I have no experience with powder coated bullets so take this with a grain of salt. Using regular alox or newer hard lubed lead bullets in the 9mm has always been an adventure--the most consistent results and best accuracy in a variety of 9mms were with a hard cast bullet sized to .357 or slightly larger. The only issue with this was with some lots of brass the larger bullets would not chamber reliably--a bevel based bullet helped some here. It was important to make sure that the expander enlarged the case enough to seat the bullet without sizing it down and then a very slight taper crimp to straighten out the case mouth and facilitate feeding. I imagine that the later two points would apply to the powder coated bullets also.
Good luck with your quest.
I have no experience with powder coated bullets so take this with a grain of salt. Using regular alox or newer hard lubed lead bullets in the 9mm has always been an adventure--the most consistent results and best accuracy in a variety of 9mms were with a hard cast bullet sized to .357 or slightly larger. The only issue with this was with some lots of brass the larger bullets would not chamber reliably--a bevel based bullet helped some here. It was important to make sure that the expander enlarged the case enough to seat the bullet without sizing it down and then a very slight taper crimp to straighten out the case mouth and facilitate feeding. I imagine that the later two points would apply to the powder coated bullets also.
Good luck with your quest.
I suspect, on the way to the range now and will see what happens.
This is turning out to be a long range visit.
You shot the .353 bullets?
I just read your other thread you linked to and think it might be your barrel in this gun, not a bullet problem. You said that your .38-.357 handles your PC bullets just fine and this barrel leads up with conventional soft lube as well. Two things I can suggest, one is to build a lapping rod and go to work with a lot of elbow grease and jewelers rouge...especially paying attention to the free bore/land start area and then make the bore shine like a new penny...Second option is to replace the gun or go back to plated slugs.
I agree with you and powder coating makes it doubly so. PC increases the dia to differing degrees (depending on powder make & condition and method of application). I size all my coated bullets after coating just for the sake of repeatability in seating. Another thing I am very fortunate to have some machining tools as part of this hobby. Because of this I can cut a case mouth sizing plug in a few minutes to set case tension to whatever lead hardness I am using without distorting the bullet. If you are using commercial cast boolits in the 25Bhn range then they will expand the brass to fit them but I have a s#$% load of WW lead and no hardening alloy to add to it so I make my brass conform to my bullet hardness (around 8Bhn or so). I discovered the importance of this testing some PC boolits for the wife's 30-30. First test was "as cast" (.310) plus PC (now at .313) loaded into full length resized cases (.306 ex ball). The bullets seated very tight and required a fair push in the press so I measured the O.D. of the case mouth before and after seating, only 1 thou difference even tho I was seating a bullet .007 bigger then the expander. They shot a less than adequate group of 3-4 ". Next test I used same bullets only sized to .311 after coating and used my "custom" expander plug cut to .310, they still chambered easily and my group shrunk to 1.5 ".

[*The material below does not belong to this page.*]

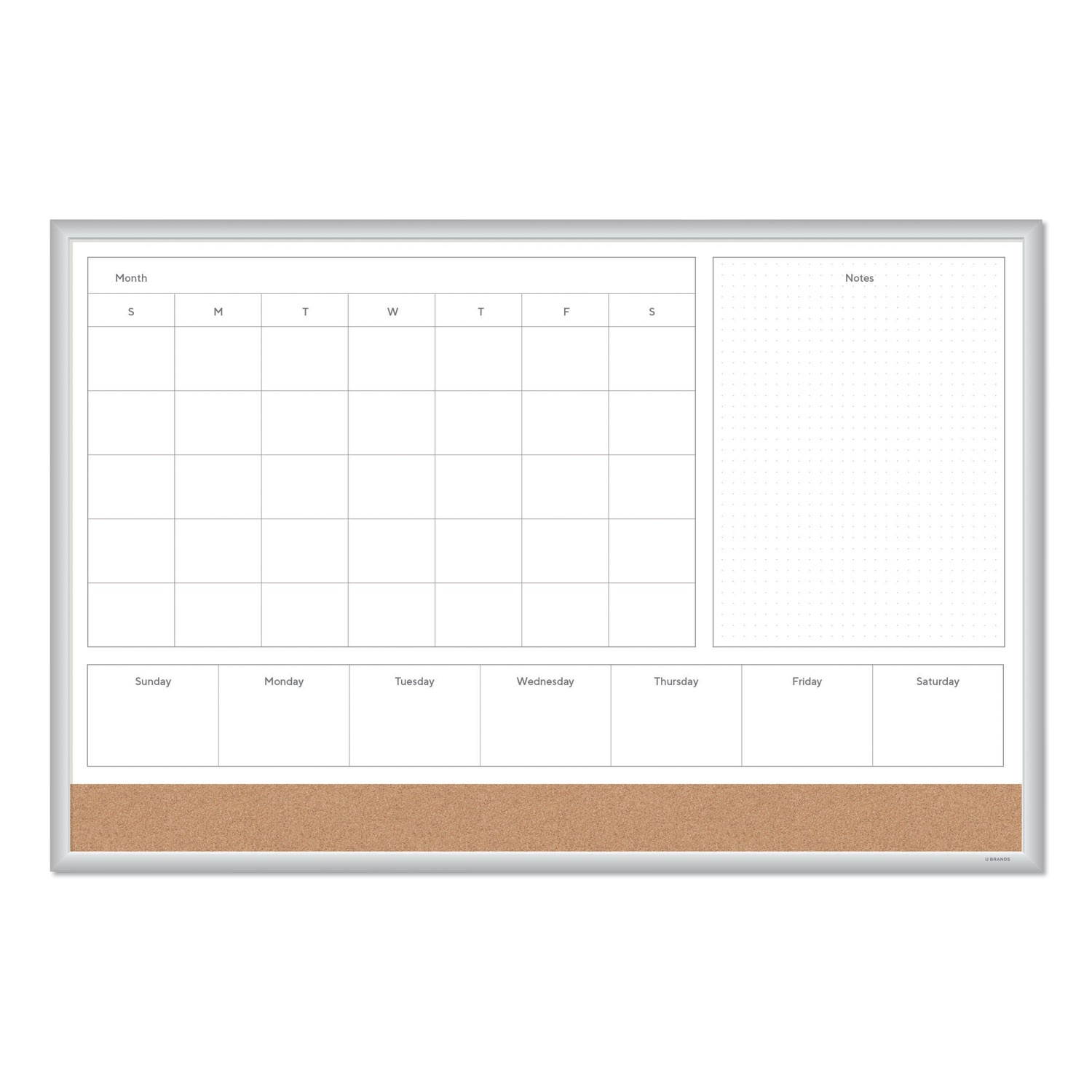 U Brands 4N1 Magnetic Dry Erase Combo Board 36 x 24 White/Natural 3891U00-01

If I may add, for anyone who has ever thought "geez I wish I had the machine to build this or that" I consider my machine tools as much an important part of this hobby as my guns... and a small "adequate for this part of the sport" set-up can be had for less than a good (or not so good) Single Shot rifle. I am blessed with a 1440 lathe that I use mostly but also have a small mini-lathe that would be completely adequate for small tooling such as we need for this sport. You don't need to be "Einstien" to be a hobby machinist neither, just the nerve to chuck something up and give"r a whirl. Trial & error worked for me. I get as much satisfaction out of building a set of dies for some obsolete cartridge, custom neck sizing dies as well as the aforementioned expander balls as I do out of the actual shooting.
Water dropping them will harden them up a bit but the baking after powder coating will anneal them right back to base hardness. You can heat treat them after curing the powder coat however. An hour @ 450 and then dump them straight into ice water. Doesn't hurt the PX at all in my experience.If you are casting straight wheelweights you can increase the hardness by casting your bullet with the temperature of the lead on the hotter side and dropping the bullets straight out of the mould into a 5 gallon pail half or three quarters full of cold water--be very careful not to let water splash in to your mould blocks or the lead pot or very bad things will happen.
this is what we used to do with the bullets we cast for metallic silhouette shooting--.357, .41 and .44 caliber--also used it with 9mm and 45 acp with good results.